Een van de onverwachte aspecten was de hoeveelheid ‘kleine’ deadlines en huiswerkopdrachten. In Nederland zou dit beter te vergelijken zijn met het principe zoals ze dat uitvoeren bij de hbo-opleidingen. Ik was zelf meer vrijheid gewent wanneer het aankomt op dergelijke dingen als het inrichten van je eigen studieschema of het voorbereidingen op tentamens. In alle eerlijkheid moest ik flink wennen om elke dag met korte mathematische problemen of essays bezig te zijn. De toegevoegde waarde daarvan werd mij echter pas duidelijk bij de tijd dat de tentamens om de hoek kwamen. Ik hoefde amper bij te schakelen om goede resultaten te halen. In andere woorden, constant bezig zijn met de stof betekende een uitstekende voorbereiding op het moment van toetsen. De kleine deadlines hielden je koppie er goed bij.
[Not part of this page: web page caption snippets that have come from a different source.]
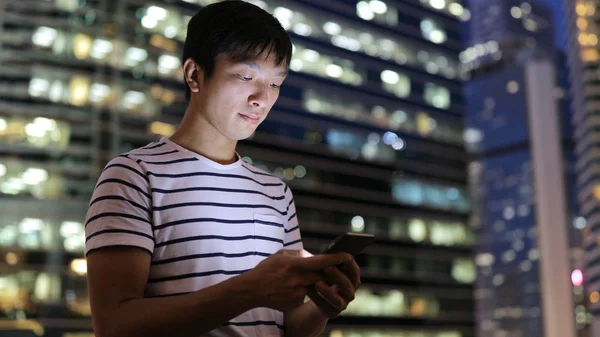 Cep telefonu kullanan adam 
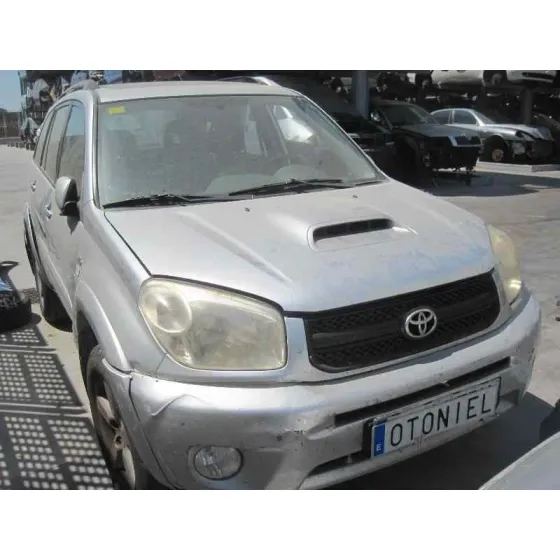 TOYOTA RAV 4 (A2) '2004 2.0 D-4D EXECUTIVE 4X4 (2003->) PLATA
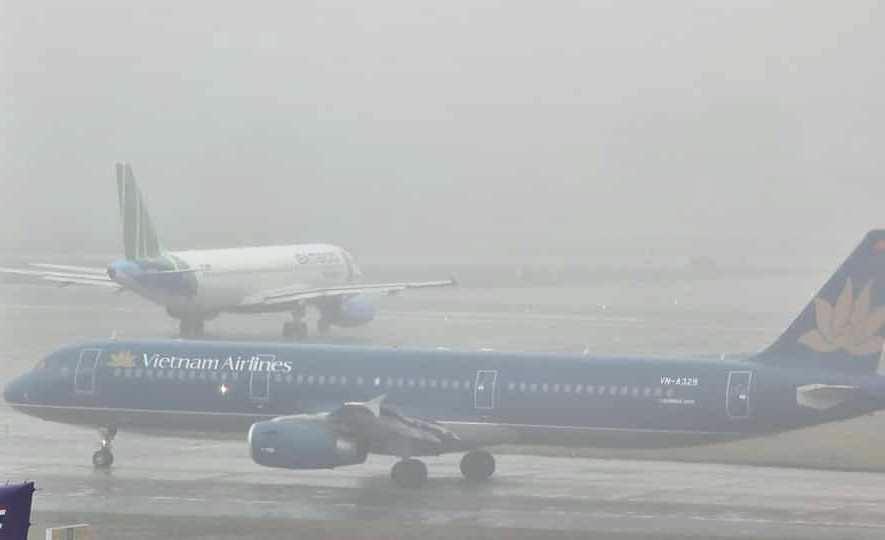 Sương mù dày đặc, nhiều chuyến bay phải điều chỉnh giờ bay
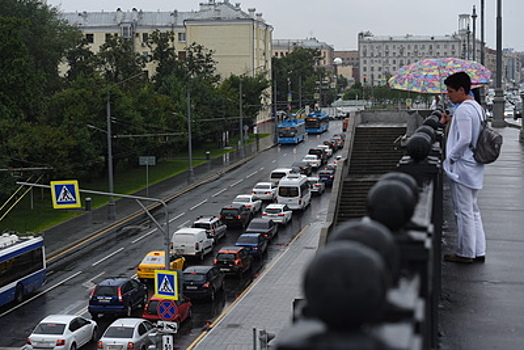 Пробки в Москве достигли 9 баллов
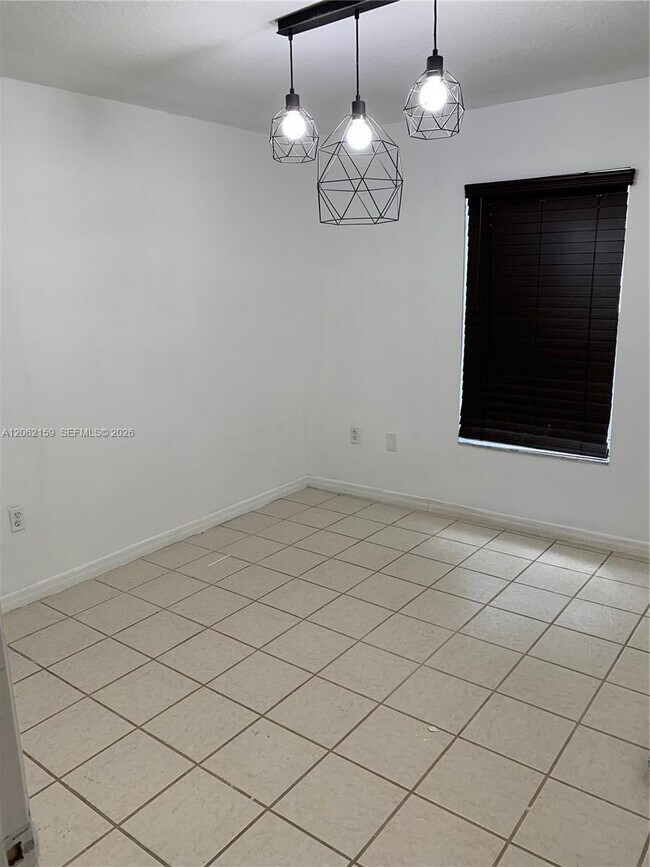 Building Photo - 4805 SW 163rd Pl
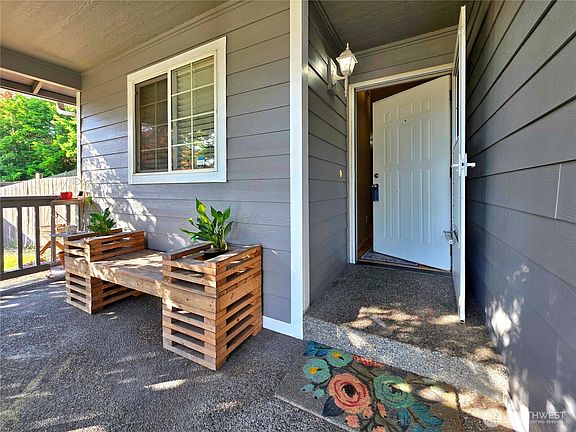 3rd image of 19523 71st Avenue E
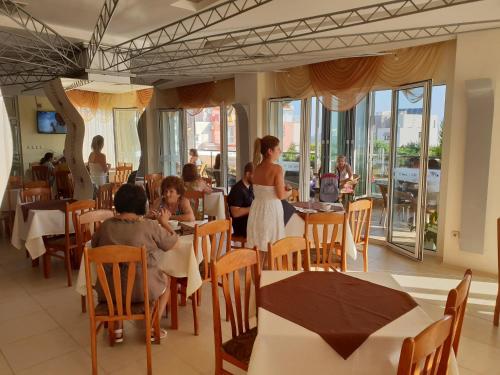 Imagen de la galería de Hotel Sunny, en Sozopol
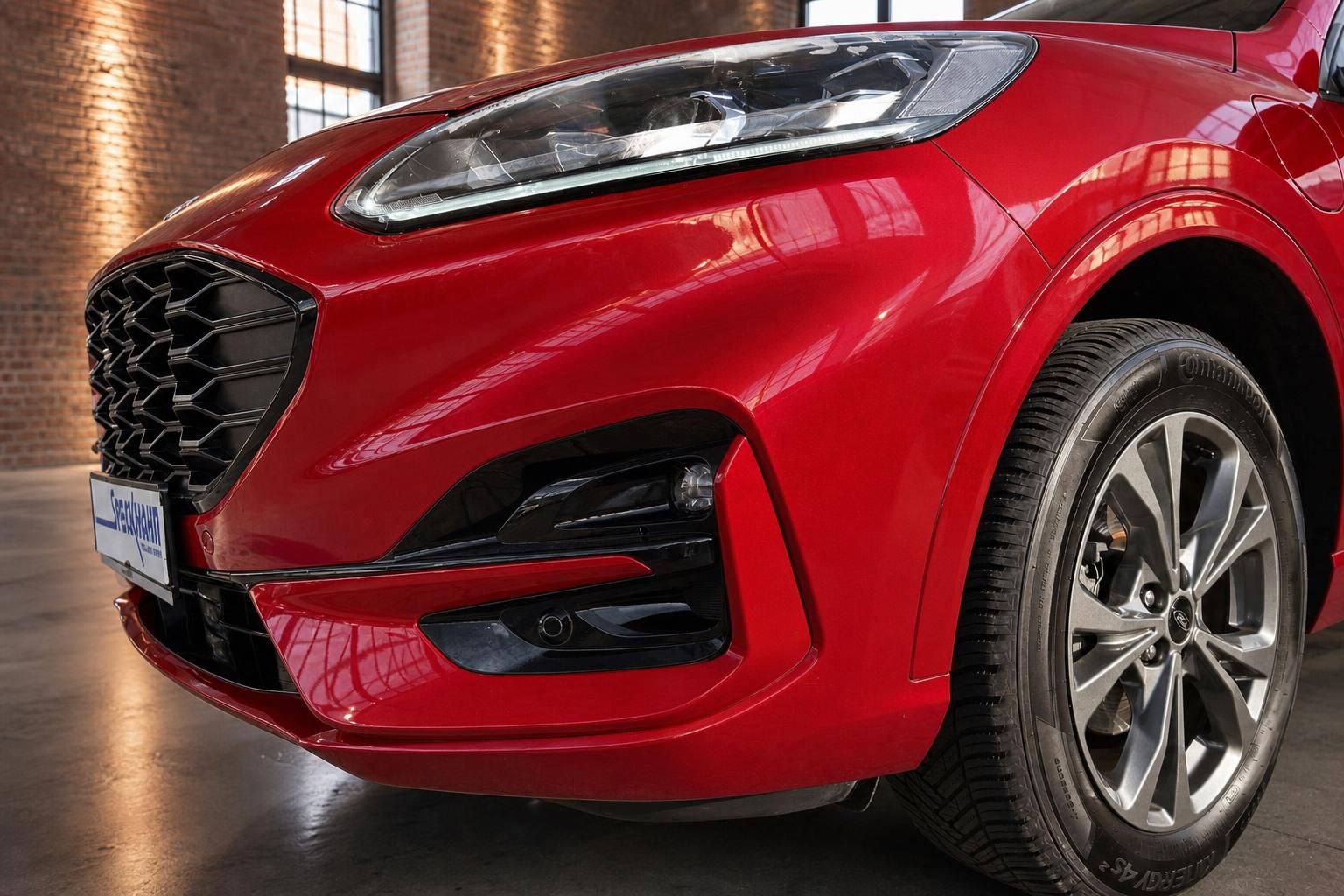 Ford Kuga rot – Detailansicht Scheinwerfer, Frontstoßstange und Leichtmetallfelge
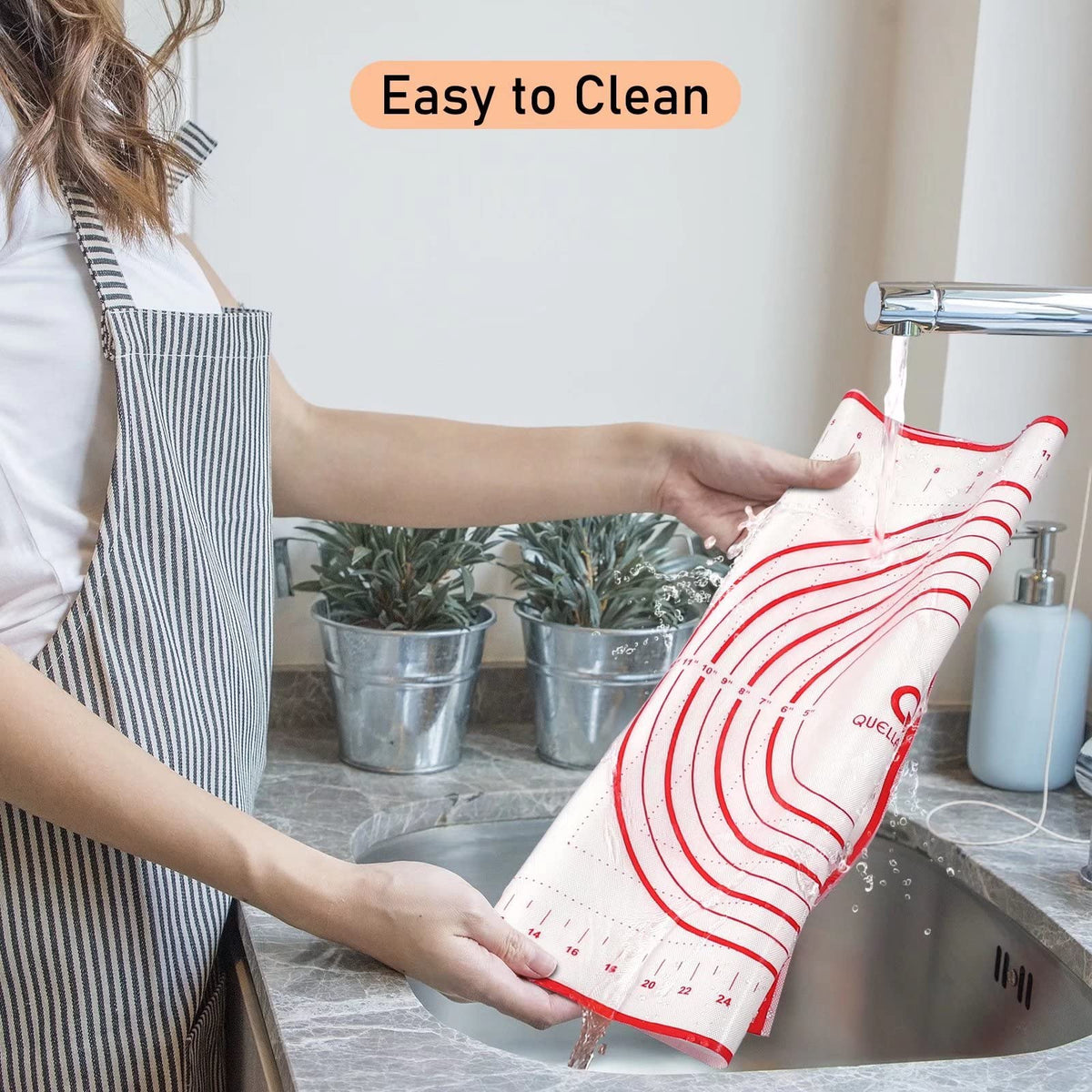 QUELLANCE silicone baking mat circular guides simplify rolling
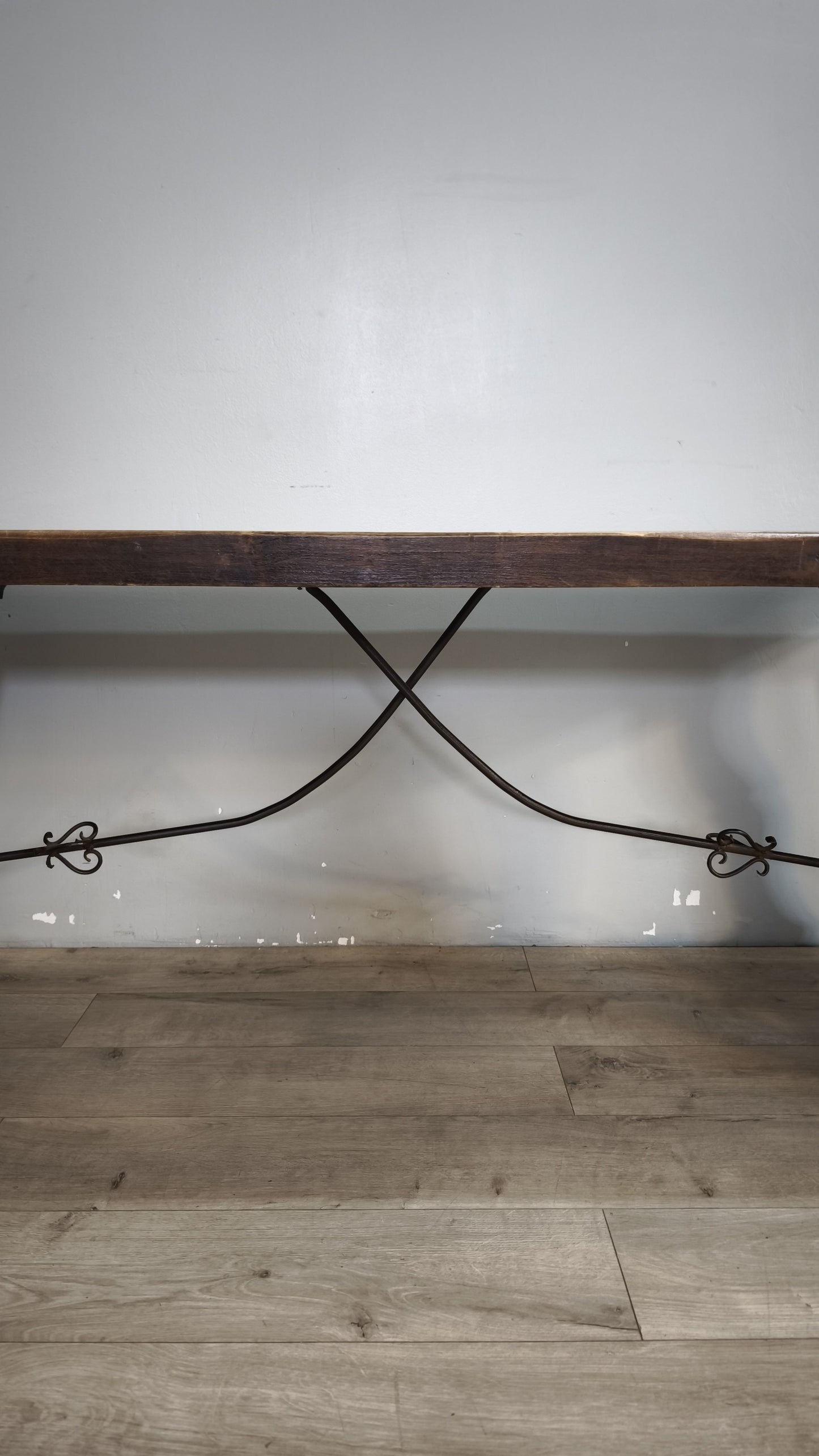 92199 Tavolo fratino in legno massello con inserti in ferro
Een ander groot verschil is hoe zeer ze ondernemen en ontdekken stimuleren. Als je een goed idee hebt en het met passie overbrengt op de professoren, bieden ze je graag de resources om het op te starten. Als ik een controller, mini-computer of 3D printer nodig had kreeg ik ongelimiteerd de mogelijkheid deze te gebruiken, zonder extra kosten. Zo heb ik met een groepje een product ontwikkeld dat de levenskwaliteit van ouderen verbetert. We konden zoveel prototypes maken als we wilden en mochten provisioneel patent aanvragen op de kosten van Cornell. Zonder dat zij een percentage wilden bedingen in het bedrijf. Dat zie je nergens anders, fantastisch.
Naast het studeren was er uiteraard ook vrije tijd om met mede studenten om te gaan. Er werd vanuit de universiteit veel georganiseerd om interactie tussen studenten mogelijk te maken. Zo was er bijvoorbeeld het ‘Tell Grad It’s Fridays” (TGIF) in het cafe op campus elke vrijdag. Een perfecte gelegenheid om rustig te ‘unwinden’ na een week hard werken.
Ook was het mogelijk om tussentijds tripjes te maken. De universiteiten geven meer tussentijdse vakanties (nog iets waar we in Nederland wat van kunnen leren). Dit zorgde ervoor dat we de kans kregen om af en toe met iets compleet anders bezig te zijn. Dit verlaagde het stressniveau aanzienlijk en gaf me de mogelijkheid het land te ontdekken. Zo heb ik met Boston, San Francisco, Washington DC, New York City, en Toronto toch een aardig deel van het Amerikaanse continent gezien.
Ik wilde Cornell graag gebruiken om mij in de kijker te spelen bij de grote bedrijven in de USA. Het lijkt mij fantastisch om dicht bij het product te zitten en een wezenlijke invloed te hebben op het ontwerp ervan. Jammer genoeg verliep het zoeken naar deze functie niet zoals ik had gehoopt. Ik ben nog steeds bezig met het uitsturen van sollicitaties en cover letters. Ondanks een hobbelig begin ben ik er nog steeds van overtuigd dat het goed komt!
Al met al heb ik met volle teugen genoten van het afgelopen jaar. Ik heb veel vrienden gemaakt, fantastische avonturen beleefd, en ontzettend veel geleerd. Ik kan wat dat betreft een dergelijke studie voor iedereen aanraden. Ik ben het Genootschap Noorthey dan ook heel erg dankbaar dat ze mij (financieel) gesteund hebben en zo mijn droom werkelijkheid te maken.